● About this task: A faithful, complete copy of the entries is the sole expected answer.

[Short descriptive text snippets]
========
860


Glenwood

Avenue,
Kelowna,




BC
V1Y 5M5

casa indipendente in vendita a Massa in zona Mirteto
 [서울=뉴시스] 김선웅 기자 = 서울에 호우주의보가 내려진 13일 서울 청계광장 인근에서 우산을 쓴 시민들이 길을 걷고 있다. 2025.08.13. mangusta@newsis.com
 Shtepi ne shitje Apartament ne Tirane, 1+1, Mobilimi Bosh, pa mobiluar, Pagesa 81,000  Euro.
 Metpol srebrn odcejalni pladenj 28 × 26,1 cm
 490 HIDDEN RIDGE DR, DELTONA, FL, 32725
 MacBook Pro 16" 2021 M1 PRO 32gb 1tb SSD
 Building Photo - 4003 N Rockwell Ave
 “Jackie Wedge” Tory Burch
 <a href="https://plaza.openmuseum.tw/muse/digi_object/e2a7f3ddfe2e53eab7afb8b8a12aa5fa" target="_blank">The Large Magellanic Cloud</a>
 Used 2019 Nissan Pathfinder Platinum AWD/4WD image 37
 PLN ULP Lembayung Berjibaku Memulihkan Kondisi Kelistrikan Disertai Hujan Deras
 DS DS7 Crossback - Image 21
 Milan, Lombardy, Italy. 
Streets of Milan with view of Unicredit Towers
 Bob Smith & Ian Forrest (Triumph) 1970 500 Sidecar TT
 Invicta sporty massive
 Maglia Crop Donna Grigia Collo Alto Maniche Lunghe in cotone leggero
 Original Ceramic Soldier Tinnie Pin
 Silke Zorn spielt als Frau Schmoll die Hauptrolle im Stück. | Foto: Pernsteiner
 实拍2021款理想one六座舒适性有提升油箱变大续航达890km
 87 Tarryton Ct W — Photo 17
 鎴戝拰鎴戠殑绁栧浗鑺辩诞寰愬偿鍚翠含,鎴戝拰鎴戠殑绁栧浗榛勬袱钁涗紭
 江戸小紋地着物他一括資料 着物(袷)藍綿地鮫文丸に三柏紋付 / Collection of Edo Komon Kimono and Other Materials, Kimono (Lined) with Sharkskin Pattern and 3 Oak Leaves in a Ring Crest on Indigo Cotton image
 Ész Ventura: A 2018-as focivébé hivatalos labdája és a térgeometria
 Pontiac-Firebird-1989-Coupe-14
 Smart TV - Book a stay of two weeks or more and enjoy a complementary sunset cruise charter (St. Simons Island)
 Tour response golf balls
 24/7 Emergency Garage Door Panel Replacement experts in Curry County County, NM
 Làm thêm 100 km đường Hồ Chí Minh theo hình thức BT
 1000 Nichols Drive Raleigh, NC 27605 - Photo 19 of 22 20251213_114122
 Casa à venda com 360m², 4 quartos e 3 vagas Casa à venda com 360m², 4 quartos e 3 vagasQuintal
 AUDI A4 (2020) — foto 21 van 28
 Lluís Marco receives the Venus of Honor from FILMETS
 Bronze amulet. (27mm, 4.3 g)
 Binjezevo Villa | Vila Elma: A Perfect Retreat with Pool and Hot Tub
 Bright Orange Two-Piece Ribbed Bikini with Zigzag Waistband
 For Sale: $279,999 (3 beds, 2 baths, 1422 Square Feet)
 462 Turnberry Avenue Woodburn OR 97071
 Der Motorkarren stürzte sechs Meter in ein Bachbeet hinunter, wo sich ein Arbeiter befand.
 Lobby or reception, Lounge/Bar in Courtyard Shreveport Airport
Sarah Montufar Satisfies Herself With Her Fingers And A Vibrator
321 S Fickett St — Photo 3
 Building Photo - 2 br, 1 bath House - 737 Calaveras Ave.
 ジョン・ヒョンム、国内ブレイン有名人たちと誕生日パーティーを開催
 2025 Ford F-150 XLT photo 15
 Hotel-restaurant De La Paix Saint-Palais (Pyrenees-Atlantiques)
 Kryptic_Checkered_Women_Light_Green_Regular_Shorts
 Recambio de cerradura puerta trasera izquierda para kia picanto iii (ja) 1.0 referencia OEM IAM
========
● Exercise solution:
860


Glenwood

Avenue,
Kelowna,




BC
V1Y 5M5

casa indipendente in vendita a Massa in zona Mirteto
 [서울=뉴시스] 김선웅 기자 = 서울에 호우주의보가 내려진 13일 서울 청계광장 인근에서 우산을 쓴 시민들이 길을 걷고 있다. 2025.08.13. mangusta@newsis.com
 Shtepi ne shitje Apartament ne Tirane, 1+1, Mobilimi Bosh, pa mobiluar, Pagesa 81,000  Euro.
 Metpol srebrn odcejalni pladenj 28 × 26,1 cm
 490 HIDDEN RIDGE DR, DELTONA, FL, 32725
 MacBook Pro 16" 2021 M1 PRO 32gb 1tb SSD
 Building Photo - 4003 N Rockwell Ave
 “Jackie Wedge” Tory Burch
 <a href="https://plaza.openmuseum.tw/muse/digi_object/e2a7f3ddfe2e53eab7afb8b8a12aa5fa" target="_blank">The Large Magellanic Cloud</a>
 Used 2019 Nissan Pathfinder Platinum AWD/4WD image 37
 PLN ULP Lembayung Berjibaku Memulihkan Kondisi Kelistrikan Disertai Hujan Deras
 DS DS7 Crossback - Image 21
 Milan, Lombardy, Italy. 
Streets of Milan with view of Unicredit Towers
 Bob Smith & Ian Forrest (Triumph) 1970 500 Sidecar TT
 Invicta sporty massive
 Maglia Crop Donna Grigia Collo Alto Maniche Lunghe in cotone leggero
 Original Ceramic Soldier Tinnie Pin
 Silke Zorn spielt als Frau Schmoll die Hauptrolle im Stück. | Foto: Pernsteiner
 实拍2021款理想one六座舒适性有提升油箱变大续航达890km
 87 Tarryton Ct W — Photo 17
 鎴戝拰鎴戠殑绁栧浗鑺辩诞寰愬偿鍚翠含,鎴戝拰鎴戠殑绁栧浗榛勬袱钁涗紭
 江戸小紋地着物他一括資料 着物(袷)藍綿地鮫文丸に三柏紋付 / Collection of Edo Komon Kimono and Other Materials, Kimono (Lined) with Sharkskin Pattern and 3 Oak Leaves in a Ring Crest on Indigo Cotton image
 Ész Ventura: A 2018-as focivébé hivatalos labdája és a térgeometria
 Pontiac-Firebird-1989-Coupe-14
 Smart TV - Book a stay of two weeks or more and enjoy a complementary sunset cruise charter (St. Simons Island)
 Tour response golf balls
 24/7 Emergency Garage Door Panel Replacement experts in Curry County County, NM
 Làm thêm 100 km đường Hồ Chí Minh theo hình thức BT
 1000 Nichols Drive Raleigh, NC 27605 - Photo 19 of 22 20251213_114122
 Casa à venda com 360m², 4 quartos e 3 vagas Casa à venda com 360m², 4 quartos e 3 vagasQuintal
 AUDI A4 (2020) — foto 21 van 28
 Lluís Marco receives the Venus of Honor from FILMETS
 Bronze amulet. (27mm, 4.3 g)
 Binjezevo Villa | Vila Elma: A Perfect Retreat with Pool and Hot Tub
 Bright Orange Two-Piece Ribbed Bikini with Zigzag Waistband
 For Sale: $279,999 (3 beds, 2 baths, 1422 Square Feet)
 462 Turnberry Avenue Woodburn OR 97071
 Der Motorkarren stürzte sechs Meter in ein Bachbeet hinunter, wo sich ein Arbeiter befand.
 Lobby or reception, Lounge/Bar in Courtyard Shreveport Airport
Sarah Montufar Satisfies Herself With Her Fingers And A Vibrator
321 S Fickett St — Photo 3
 Building Photo - 2 br, 1 bath House - 737 Calaveras Ave.
 ジョン・ヒョンム、国内ブレイン有名人たちと誕生日パーティーを開催
 2025 Ford F-150 XLT photo 15
 Hotel-restaurant De La Paix Saint-Palais (Pyrenees-Atlantiques)
 Kryptic_Checkered_Women_Light_Green_Regular_Shorts
 Recambio de cerradura puerta trasera izquierda para kia picanto iii (ja) 1.0 referencia OEM IAM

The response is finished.